Обычно русалкам отводятся такие места обитания, как «вода, деревья, ржаное поле, конопля, перекрестки дорог, лес, кладбища, болота» [Виногградова, 2000, 153]. Они связаны с растительным миром не меньше, чем с водным, качаются не только на волнах, но и на березах, дубах и кленах. Обитают они там непостоянно, так как появляются на земле в определенные календарные сроки – с Троицына дня до Петрова поста. Их выход связан с цветением злаков. Совершают русалки сезонные переходы. Сначала они находятся в воде, затем перемещаются на поле и вновь возвращаются в воду. После краткого пребывания на земле удаляются в зону смерти, куда их провожают (проводы русалки). Не раз говорится о том, что они живут в «могилках», лежат в гробах. Существует поверье, что русалки появляются на земле из воздуха.
Под романтическим пером русалки сильно изменились. Сохранилась их устойчивая связь с водой, но исчезла связь с растительным миром. Был предпочтен только ее привлекательный облик. Русалка превратилась в прекрасную деву с зелеными волосами. Ее наделили способностью любить и губить своей любовью человека. «Молодые, очаровательные существа, часто с рыбьим хвостом, обитающие в воде, появляющиеся по ночам в лесу или у воды, расчесывающие свои зеленые волосы, любящие музыку и танцы, коварные и опасные, заманивающие молодых людей в воду и т. п.» [Виноградова, 1989, 128] – вот как выглядели романтические русалки. Собиратели фольклора не фиксировали «ни обязательной красоты, ни рыбьего хвоста, ни любовных сюжетов, ни хрустальных чертогов на дне озера» [Виноградова, 2000, 224]. Русалке придали манящий смех. «Хома Брут видит с небесных высот смеющуюся русалку… В ремарках к пьесе „Ночь на распутье“ Луганского (Владимира Даля) русалки описываются как хохочущие существа, приходящие издалека, развлекающиеся или радующиеся возвращению заключенной русалки» [Айдачич, 1999, 29,31].

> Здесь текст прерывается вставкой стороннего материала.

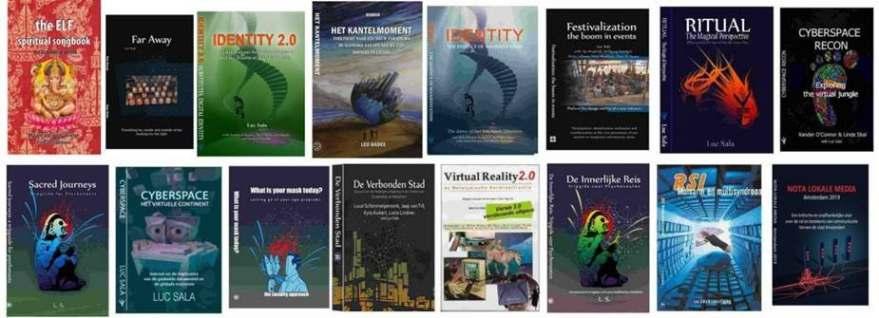 Wat relevante Nederlandse Boeken van Luc Sala Virtual Reality : de metafysische kermisattractie : magische spiegel van de Hyper-Cyber-Age ziel.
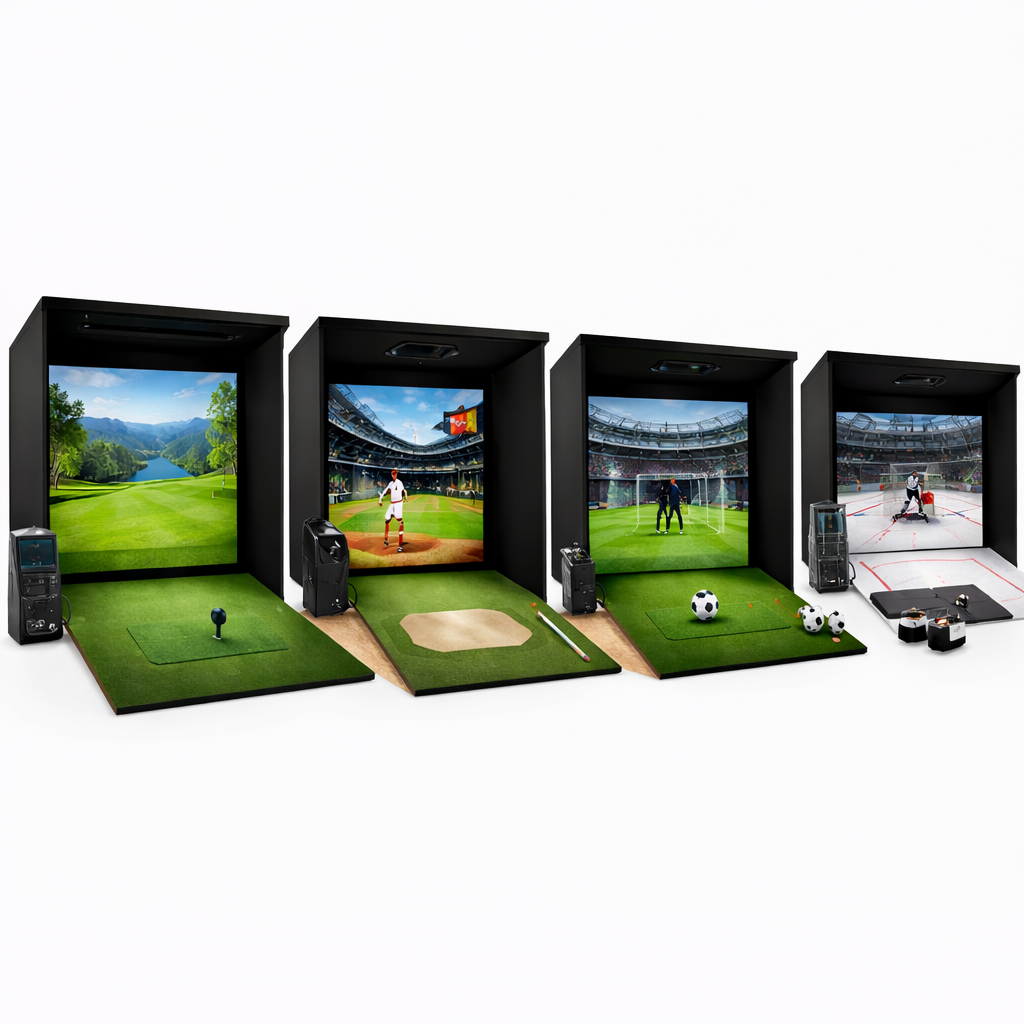 OmniPlay QuadSport Virtual Arena System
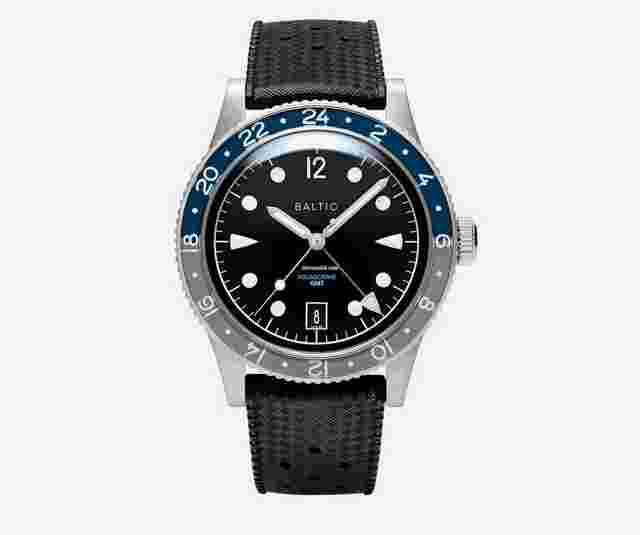 Baltic
                           
                                 Aquascaphe GMT Grey 39mm Steel AQUAGREY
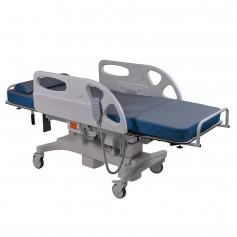 Fauteuil de prélèvement Le Quesnel piètement avec roulettes à frein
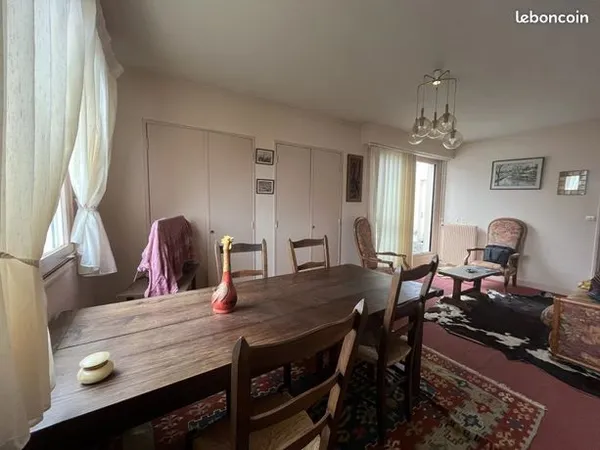 Appartement 2 pièces 44 m² 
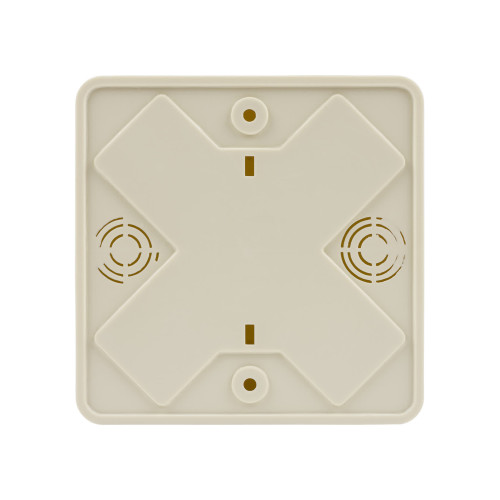 Коробка распаячная КР 100х100х29 ОП, сл. кость, IP40, инд. штрихкод TDM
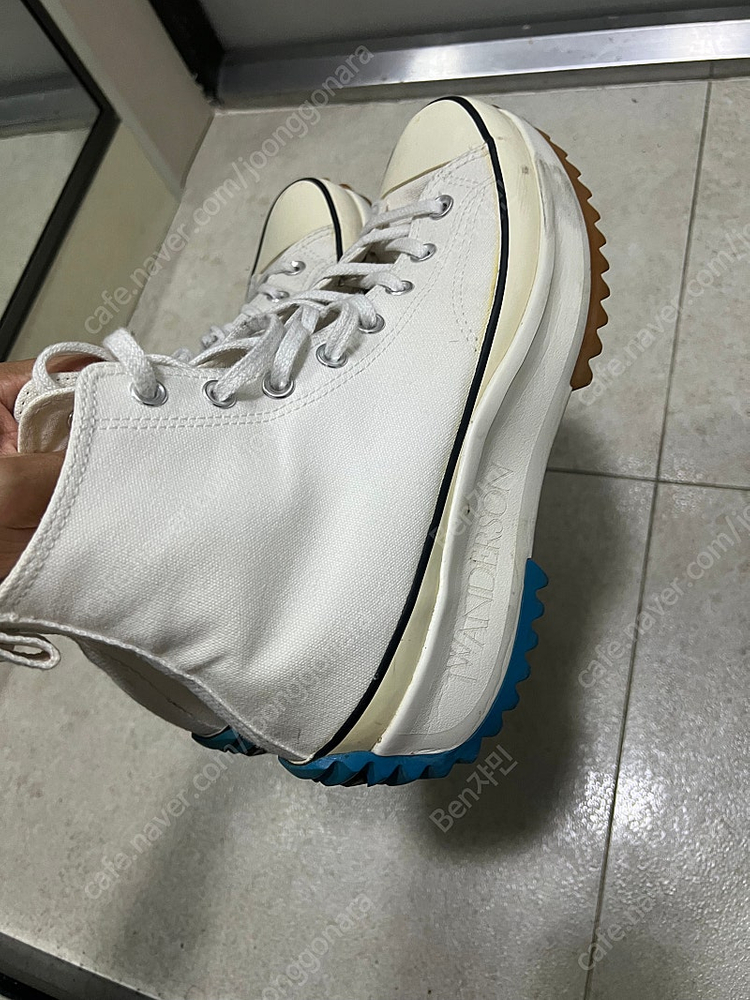 컨버스xJW앤더슨 런스타 하이크 하이 280--2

Конечно, романтизация образа русалки происходила прежде всего в массовой культуре. Подлинные романтики всегда стремились проникнуть в глубины народной мифологии. Ю. Словацкий в «Балладине» вывел русалку, королеву озера, Гоплану, осветив этот образ иронией, но не забыв о ее фольклорных чертах, что не помешало ему придать ей и литературные черты. Поэт воспользовался клишированными представлениями о русалке в целях литературной игры во многом еще и потому, что романтики не стремились к этнографической точности. Для них текст народной культуры был своего рода клише, который они охотно брали из вторых рук, иногда приводя этим в замешательство исследователей.